The result was quite tasty, very earthy but the fresh veggies gave it some much needed brightness. If I had sour cream that would have been a lovely topper for such a burger, but it had been sitting in the fridge too long and had gotten a bit too sour. I eyed my newly acquired mayo. I plunked a teaspoon and a half into a ramekin and squeezed in about half a teaspoon of lime juice. Whisked together, it made a great spread for this very heavy meal.
In the end, I think this burger makes a great base that could be taken in many different directions. I may go more Southwestern and add jalapenos. Maybe I'll wear a ten gallon hat while I do it. I may take a cue from the cumin and head to Southeast Asian, plunking some curry powder into the mix. Cause I would look hot in a sari.
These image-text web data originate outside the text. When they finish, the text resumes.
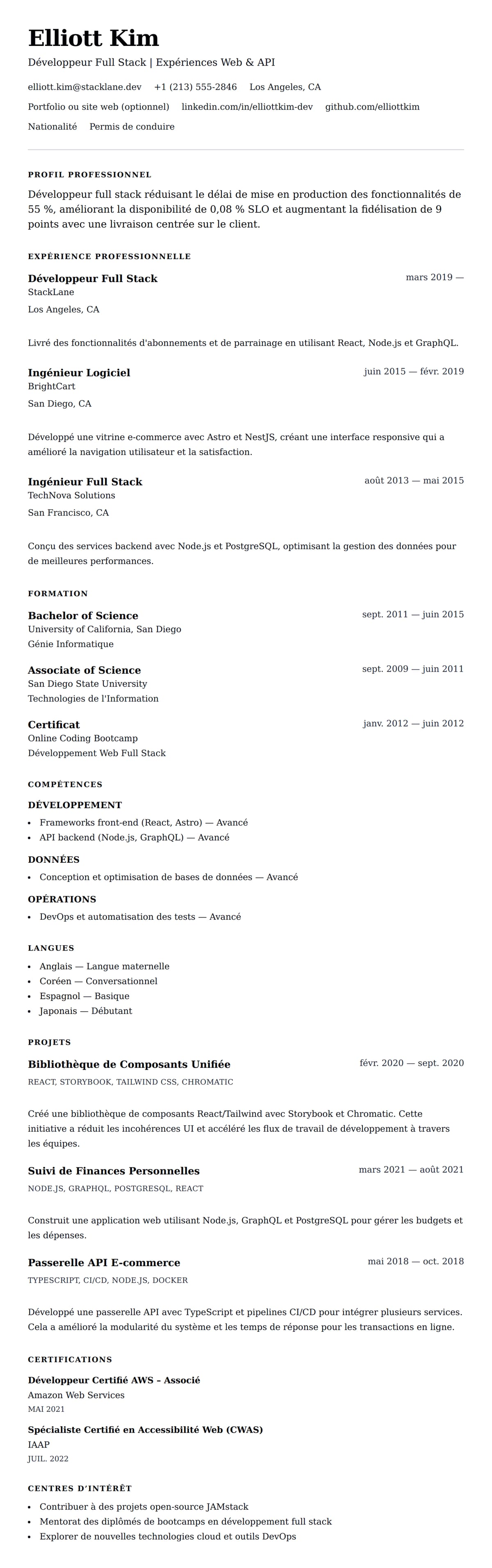 Aperçu du CV Exemple de CV de Développeur Full Stack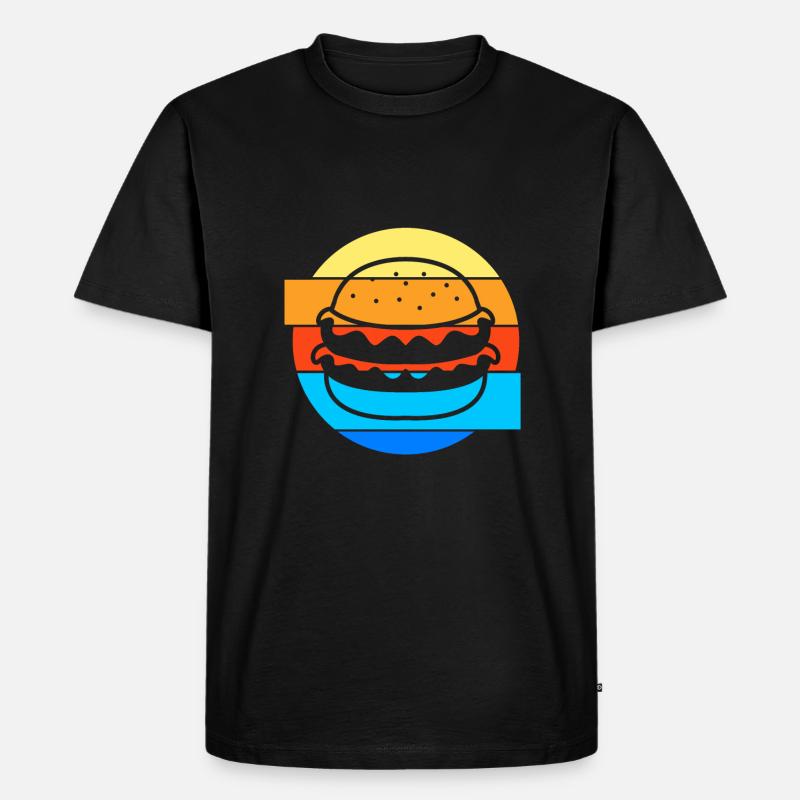 Cheeseburger Burger - Männer Premium Bio T-Shirt - Schwarz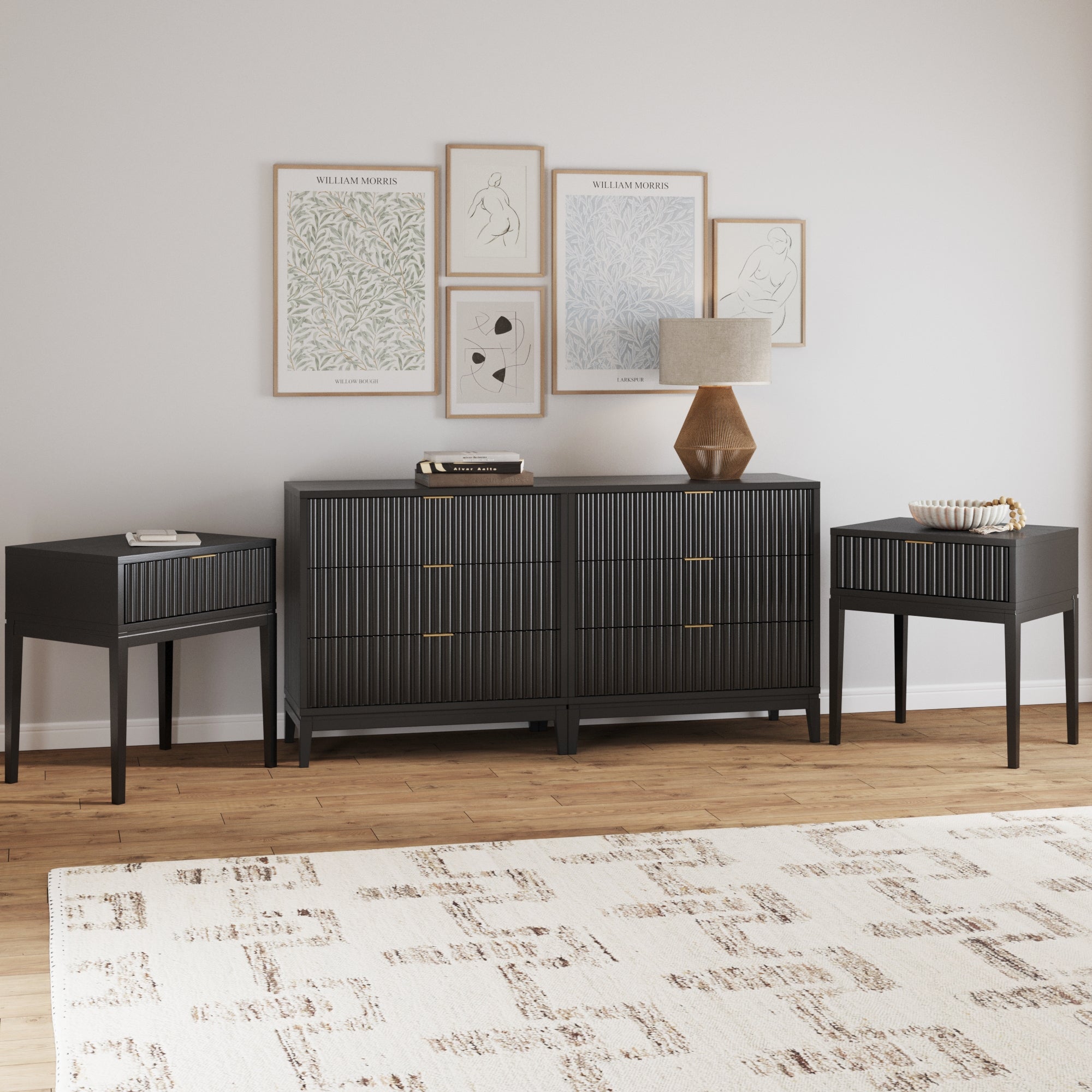 Fluted Wood Bedroom Set Black Oak - Nathan James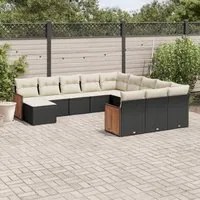 Set Divani da Giardino 12 pz con Cuscini Nero in Polyrattan 3228261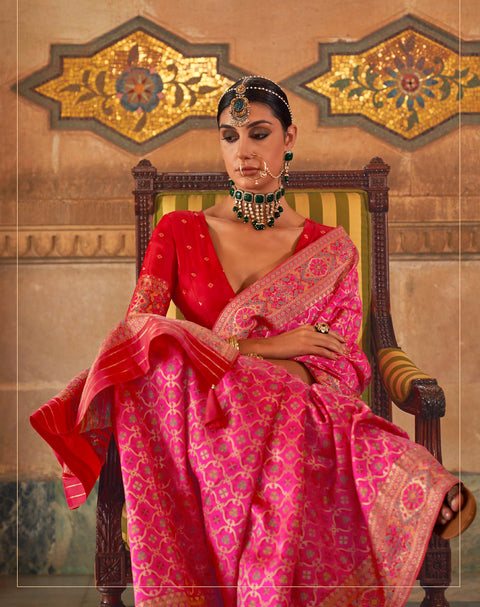 Pink Woven Banarasi Silk Saree With Tassels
Any way you spice it up, its a great way to use what you have on hand to make a really quick and interesting week night dinner (or to sate some vegetarians at a cookout this summer). But me, I'm done shopping my cabinets for dinner. I'm ready to fill this apartment with fresh veggies that will appear in the farmers market soon. Really. Any minute now. Green will come sprouting out of the earth. Tap. Tap. Tap.